A atual moda do carbono neutro, que promete reparar a emissão de CO2 provocada por esta ou aquela atividade, segue esta tendência e ganhou a simpatia dos formadores de opinião porque é bacana parecer ecologicamente responsável, mas quem irá garantir que as mudas de árvores serão realmente plantadas e cuidadas até se constituírem em áreas recuperadas?
As soluções se virtualizaram e ponto, ninguém se interessa em verificar o quanto são reais.
Os discursos dos políticos perderam os últimos vestígios de clareza. Pior é saber que não é pouca gente que se deixa levar por tantas baboseiras, edificadas sobre frases prontas e que massacram a inteligência, promovendo a mediocridade do raciocínio.

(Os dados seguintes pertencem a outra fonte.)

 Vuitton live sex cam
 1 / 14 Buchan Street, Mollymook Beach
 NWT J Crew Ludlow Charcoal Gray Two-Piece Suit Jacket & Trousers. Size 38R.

Nem durante os piores anos de repressão política as pessoas foram tão alienadas.
Se não podiam se manifestar publicamente, ao menos pensavam por si mesmas e achavam meios criativos para expressar idéias. Havia menos consenso e muito mais vivacidade, apesar de todo cerceamento das artes e das mídias.
A lucidez está fora de moda. Nem a imprensa consegue propor novas abordagens porque ficou exultante demais com o seu próprio poder e substituiu a censura política por interesses comerciais imediatos. A produção artística se voltou para o umbigo dos seus realizadores e a arte ficou globalizada no pior sentido. Outro dia vi uma matéria com artistas chineses e obras que tanto poderiam ter sido feitas na Áustria quanto em Nova Iorque. Ainda resistem raros escritores, cineastas e outros, que nos tocam com visões mais legítimas e inovadoras. Mas é só observar a produção musical para se perceber que o talento naufragou na tecnologia.
O resultado destes modelos de pensamento e linguagem pré-formatados é o surgimento de uma geração tecnologicamente desenvolvida e culturalmente miserável, programada pelos princípios mais ordinários do marketing e seduzida pela superficialidade da internet.
Venceu a cultura da imagem. O conhecimento só tem valor se for para o consumo imediato.

Errar com a maioria, mais do que nunca, virou um método de sobrevivência.

Comentários

Anônimo disse…
Muito boa a colocação sobre a lucidez que nos falta diariamente.
Não é à toa que escolhemos com quem viver e para quem viver.